According to Kaboub, in Rustbelt towns like Newark there are many people who have looked for work for a very long time but aren’t technically counted as unemployed. The Bureau of Labor Statistics calls these people “discouraged workers.” If you add in those numbers, and the number of involuntary part-time workers, the unemployment number in Ohio doubles to almost 10 percent. That number, he says, doesn’t include people who aren’t working because of long-term illnesses, a lack of adequate child or elder care, or a lack of transportation. “So you can imagine the extent of the true cost to society,” Kaboub says.

Addressing all these issues has been made even more difficult for Newark because of budget cuts and tax changes by the administration of Ohio Gov. John Kasich. On the campaign trail, the former presidential candidate claimed that he had solved Ohio’s budget issues even as municipalities around the state, including Newark, struggled to pave streets and pay for public safety. The Plain Dealer estimates that Newark lost almost $1.7 million in state funding since 2011. Over 70 cities across Ohio have lost more than $1 million.

Recreating Democracy, Ground Up

It’s a gorgeous July day, yet there’s a big crowd gathered for a Think Tank open meeting at the Newark Public Library. There are several dozen Think Tank members, as well as a handful of people from local nonprofits who are starting to pay attention to what the Think Tank is doing.

Farias calls the meeting to order, then Think Tank member David Lee stands up to talk about what happened on this day in history. He explains that on July 9, 1917, federal authorities raided the IWW Hall in Yakima, Washington, arresting 24 Wobblies and confiscating pamphlets after local leaders tipped them off. Those in power, Lee says, were terrified of working class organizing efforts.

The Think Tank needs to share narratives of resistance, Lee tells me. As a Saponi, he takes his strength from his own cultural and historical narratives of resistance, he says, especially “both Wounded Knees, the second in particular.”

“People who are in the struggle have to come together to tell these stories and to re-energize spiritually and to get ready to go back out there,” Lee adds. “Otherwise, it’s so lonely. We have to acknowledge the current hopelessness and then organize for a better fight.”

Jill Beeler Andrews, deputy director of Appellate Services at the Ohio Public Defender Office, tells the group that there are over 51,000 people in Ohio prisons, just shy of record numbers. She also talks about having criminal records sealed or expunged — valuable information, because employers and landlords can’t see sealed records.

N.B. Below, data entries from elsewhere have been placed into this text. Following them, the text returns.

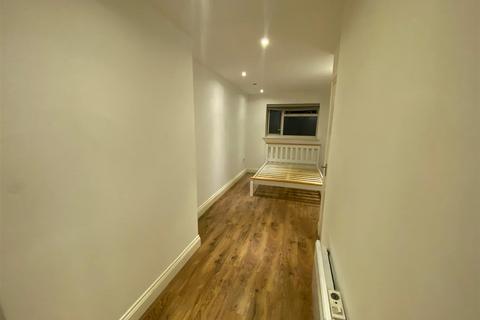 Studio to rent, Flaxton Road, London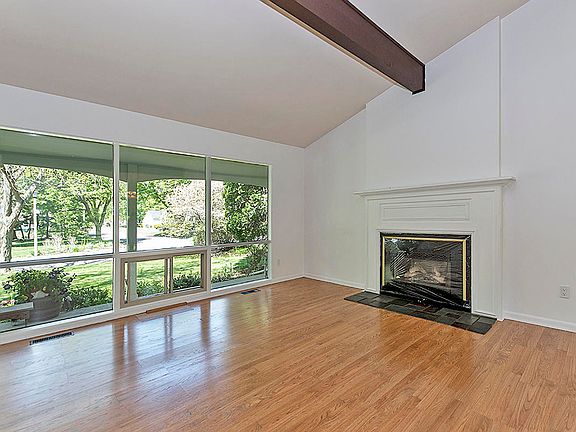 2nd image of 174 Kenberry Dr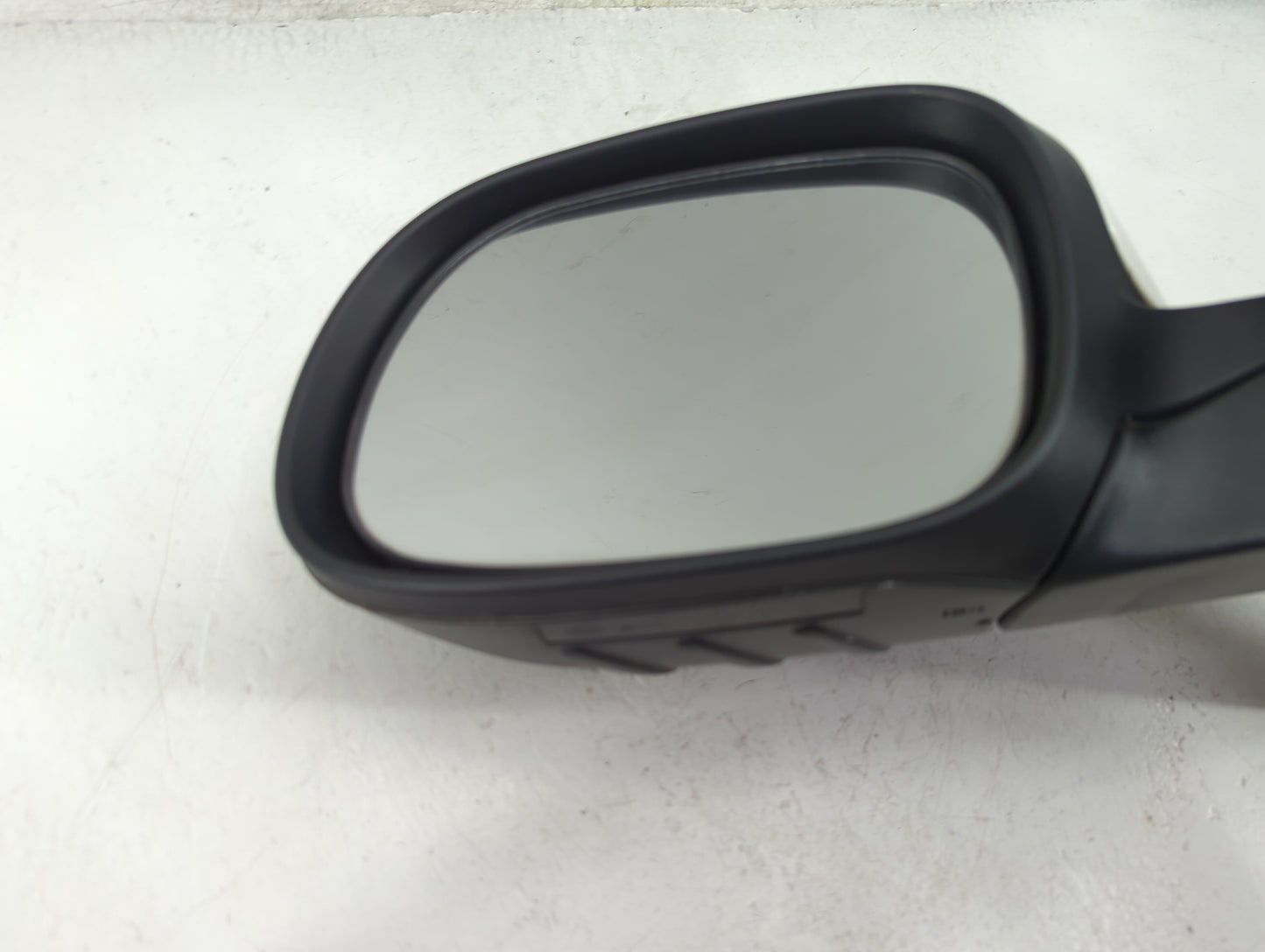 2014-2019 Kia Soul Driver Side View Mirror - Left Door Mirror OEM Used - Oemusedautoparts1.com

Next come reports from the local farmer’s market, a group addressing predatory lending, and an organization dealing with addiction issues — in particular, the opioid crisis.

At the end of the meeting, there’s a request from a local transportation advocate for the Think Tank to consider advocating for fixed route transit, such as regular bus routes.

The power of the Think Tank is that its members have experience with poverty, and so their recommendations come with an understanding that many policy-makers lack. Some people in powerful positions are starting to recognize this fact — though not always.

When Andrews tells about a forthcoming report from a state legislative committee on recommendations for streamlining criminal justice statutes that would bring about some major changes to the state’s criminal justice code, Schwartz immediately asks: “Are there any returning citizens on that committee?”

Everyone in the room knows the answer.

To some, Schwartz might come off as that overenthusiastic kid in the classroom — persistent to a fault. But to others, he’s spot on. He’s asking for seats at that table.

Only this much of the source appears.